83:平和な朝
門で寝ている少女がいた。
少女は目を覚ますとこちらを見て驚く。
焦ったように何かを言っているようだが何も聞こえない。
最後には諦めたように笑みまで浮かべている。
とっても明るい少女だ。
また、何も聞こえない———
『……あれ?』
一条は布団に寝かされていた。
(あれ?俺倉庫で寝なかったっけ?あ、くそぅ布団が暖かいぞ……)
一条は布団の魔力に引き込まれる前に脱出しようと布団から起き上がるが一条は起き上がれなかった。
『あ、あれ?体が思うように動かない?』
『おう、起きたか』
一条の頭の上から声が聞こえてきたので頑張って真上を向くと足のない女性がいた。
『ぎゃー!!幽霊!』
『そこに驚くのか……』
『ああ、そうか……やっぱり俺は死んでしまったんだな……。あーあ、無茶しすぎちゃったかなぁ』
『おーい?』
『くそぅ……死ぬ前になんか美味しい食べ物とか食べてみたかったな……。幽霊になっても味覚って残ってるのかな?』
『おーい?もしもしー?』
一条は諦めたようにため息をつくと寝返りをしようとして呻き声をあげる。
寝返りは諦めて毛布を首元まで引っ張り再度寝る体制に移る一条。
『あ、不思議……布団の魔力で幽霊なのに眠気が……』
『……』
魅魔は無言で杖の先端に三日月の尖っている部分で一条の顔をチクチクする。
『あ、痛い痛い!動かない事をいい事に何て事するんですか!』
『眠気覚ましにはなっただろう?』
『え、ええ……。

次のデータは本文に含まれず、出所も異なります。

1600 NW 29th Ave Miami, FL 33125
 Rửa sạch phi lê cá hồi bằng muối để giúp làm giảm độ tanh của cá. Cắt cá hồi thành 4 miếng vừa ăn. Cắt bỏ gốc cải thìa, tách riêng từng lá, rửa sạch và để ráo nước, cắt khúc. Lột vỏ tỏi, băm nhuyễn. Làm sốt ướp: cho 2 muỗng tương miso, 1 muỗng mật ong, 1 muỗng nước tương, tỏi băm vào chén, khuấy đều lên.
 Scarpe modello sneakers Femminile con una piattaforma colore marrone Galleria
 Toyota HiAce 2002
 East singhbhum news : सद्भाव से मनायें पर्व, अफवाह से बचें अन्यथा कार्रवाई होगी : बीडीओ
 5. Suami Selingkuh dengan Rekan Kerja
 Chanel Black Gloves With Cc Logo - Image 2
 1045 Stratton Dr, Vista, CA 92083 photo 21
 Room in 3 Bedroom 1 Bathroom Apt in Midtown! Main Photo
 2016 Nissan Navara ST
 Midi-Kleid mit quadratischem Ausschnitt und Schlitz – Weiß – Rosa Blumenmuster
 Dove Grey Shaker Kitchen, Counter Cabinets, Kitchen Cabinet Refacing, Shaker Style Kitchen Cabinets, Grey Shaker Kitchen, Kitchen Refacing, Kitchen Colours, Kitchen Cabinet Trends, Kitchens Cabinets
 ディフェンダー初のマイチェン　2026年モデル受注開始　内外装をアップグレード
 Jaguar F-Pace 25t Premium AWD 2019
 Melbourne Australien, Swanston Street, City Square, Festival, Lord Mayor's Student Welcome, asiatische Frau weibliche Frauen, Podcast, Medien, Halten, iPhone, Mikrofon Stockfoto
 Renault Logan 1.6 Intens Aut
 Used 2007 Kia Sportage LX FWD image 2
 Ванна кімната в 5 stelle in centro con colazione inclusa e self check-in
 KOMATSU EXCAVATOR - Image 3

後もうチクチクしないでください』
魅魔はニヤニヤと笑いながら一条に質問する。
『それで?体の調子はどうだい?』
『別段変わらないと思いますが……ただ体があまり動かせないんですけど』
『そればっかりはしゃーない。お前の中身は結構酷くてな、治るまでに時間はどうしてもかかる』
『あと、えっと……今更なんですけど……どちら様ですか?』
-地霊殿-
『おはよう、さとり』
『あら霊華さんおはようございます。相変わらずお早いんですね』
『癖でな。早起きして体を動かさないと落ち着かないんだ。そういうさとりこそ結構早起きなんじゃないのか?』
霊華の言葉にさとりは苦笑しつつも話を続ける。
『動物達の朝ごはんがありますからね』
『なるほど。あ、そういえばさっきお燐がお前のこと探してたから後で会いに行ってやれよ』
『お燐が?分かりました。では失礼します』
さとりが車椅子のタイヤを回して移動し、姿が見えなくなると霊華は思わず思ったことを口に出した。